# Beneful?????



## daisyg (Jun 21, 2007)

Hi! 

I just started my pups on Beneful has anyone tried it before?
My dusty has been throwing up this morning but I'm no sure if its the food. 

I also have a pup and was wondering if there are any simple recipes to make them homemade food.


----------



## PreciousPrince (Feb 27, 2006)

Hi--Beneful is one of the worst foods out there. It wouldn't surpise me if that's what's making your dog sick. Nothing your going to find in the grocery store is any good. But that's okay, you've already found this food subforum and it's a great place to start and just read read read. It really helped me understand what some of the good foods were, ingredients, ect when I first joined. There's lots of info, but it's worth the time.


----------



## Bonnie's Mommie (Mar 2, 2006)

There are much better quality foods than Beneful. Do a search on this site, and you'll find a lot of great articles. Naturally, everyone has their personal favorites, but look at the ingredients to tell you about the quality. 
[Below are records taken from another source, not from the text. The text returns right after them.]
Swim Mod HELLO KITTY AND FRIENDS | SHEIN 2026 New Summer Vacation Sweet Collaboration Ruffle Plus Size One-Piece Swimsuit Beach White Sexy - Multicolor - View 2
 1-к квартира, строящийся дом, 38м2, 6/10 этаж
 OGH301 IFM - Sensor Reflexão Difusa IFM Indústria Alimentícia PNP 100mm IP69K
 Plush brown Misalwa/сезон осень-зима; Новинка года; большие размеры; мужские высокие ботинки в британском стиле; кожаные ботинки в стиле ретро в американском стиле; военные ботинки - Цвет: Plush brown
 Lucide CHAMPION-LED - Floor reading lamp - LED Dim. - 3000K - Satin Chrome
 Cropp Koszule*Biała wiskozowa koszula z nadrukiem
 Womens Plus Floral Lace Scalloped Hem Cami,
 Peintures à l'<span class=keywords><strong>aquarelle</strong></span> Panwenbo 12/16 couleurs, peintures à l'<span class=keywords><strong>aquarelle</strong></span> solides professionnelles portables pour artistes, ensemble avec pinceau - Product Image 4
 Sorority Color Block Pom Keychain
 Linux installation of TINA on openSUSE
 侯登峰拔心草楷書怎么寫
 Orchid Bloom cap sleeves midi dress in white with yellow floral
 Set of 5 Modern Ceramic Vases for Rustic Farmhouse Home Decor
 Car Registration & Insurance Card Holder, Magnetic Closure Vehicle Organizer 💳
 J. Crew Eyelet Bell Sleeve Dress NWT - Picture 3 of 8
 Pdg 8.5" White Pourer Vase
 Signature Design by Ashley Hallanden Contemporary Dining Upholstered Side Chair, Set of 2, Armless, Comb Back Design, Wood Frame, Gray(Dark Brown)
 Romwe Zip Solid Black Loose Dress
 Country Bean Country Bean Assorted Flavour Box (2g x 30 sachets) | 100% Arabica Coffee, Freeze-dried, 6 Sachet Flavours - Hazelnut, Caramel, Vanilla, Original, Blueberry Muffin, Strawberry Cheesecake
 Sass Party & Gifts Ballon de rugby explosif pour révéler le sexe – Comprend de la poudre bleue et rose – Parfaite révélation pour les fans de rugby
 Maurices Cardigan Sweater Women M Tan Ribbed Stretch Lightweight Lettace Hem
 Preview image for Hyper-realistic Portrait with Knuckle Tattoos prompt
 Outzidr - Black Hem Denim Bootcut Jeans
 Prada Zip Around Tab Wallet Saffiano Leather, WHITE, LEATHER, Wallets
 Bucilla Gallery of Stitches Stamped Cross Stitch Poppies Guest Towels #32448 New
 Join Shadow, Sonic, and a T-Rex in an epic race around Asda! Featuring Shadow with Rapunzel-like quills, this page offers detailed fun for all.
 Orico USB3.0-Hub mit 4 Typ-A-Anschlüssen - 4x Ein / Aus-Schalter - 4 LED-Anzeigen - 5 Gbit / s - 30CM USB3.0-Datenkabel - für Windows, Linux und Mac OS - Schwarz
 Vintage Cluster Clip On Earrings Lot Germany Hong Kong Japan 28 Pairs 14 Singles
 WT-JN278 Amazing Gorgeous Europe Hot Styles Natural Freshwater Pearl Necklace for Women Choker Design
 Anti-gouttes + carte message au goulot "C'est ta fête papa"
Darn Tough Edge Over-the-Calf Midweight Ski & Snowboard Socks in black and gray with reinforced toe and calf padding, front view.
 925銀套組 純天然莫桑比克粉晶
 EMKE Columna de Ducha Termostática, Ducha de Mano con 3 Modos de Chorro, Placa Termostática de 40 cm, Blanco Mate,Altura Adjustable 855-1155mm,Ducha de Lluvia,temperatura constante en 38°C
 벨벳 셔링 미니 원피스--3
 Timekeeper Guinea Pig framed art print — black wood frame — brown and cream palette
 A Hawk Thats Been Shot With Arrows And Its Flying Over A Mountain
This is a good site to start you off, but like I said, check the archives of this site:

http://www.dogfoodproject.com/index.php?page=betterproducts


----------



## daisyg (Jun 21, 2007)

Thank you! I feel like a bad mommy! I know I will learn a lot in this forum and thank you for your help!


----------



## PreciousPrince (Feb 27, 2006)

Oh no you're not at all! Just the fact that you joined and are looking for info is great! Bad doggy parents wouldn't care to learn, and you do! Perri wasn't on a very good food either when I joined, but this site really helped me too!


----------



## Bonnie's Mommie (Mar 2, 2006)

> Thank you! I feel like a bad mommy! I know I will learn a lot in this forum and thank you for your help![/B]


You're not a bad mommie.







A lot of people think it's a good food, until you know how to look. Just make sure to transition slowly - like 1/2 old food, 1/2 new food, for a couple of days to a week, their tummies are very sensitive, as you already know.


----------



## Ladysmom (Oct 19, 2004)

Beneful, like other pet food sold in grocery stores, is made from the waste from the human food industry. I recommend that anyone choosing a pet food read this article from the Animal Protection Institute:

http://www.canine-epilepsy-guardian-angels...et_Food_API.htm

Then look at the ingredients in Beneful:

http://www.beneful.com/products/original.aspx

It contains corn which is a cheap filler. In this case it's not even a filler, it's the main ingredient.

It also contains chicken by product meal which is defined by AAFCO as:

Chicken by-product meal consists of the ground, rendered, clean parts of the carcass of slaughtered chicken, such as necks, feet, undeveloped eggs and intestines, exclusive of feathers, except in such amounts as might occur unavoidable in good processing practice.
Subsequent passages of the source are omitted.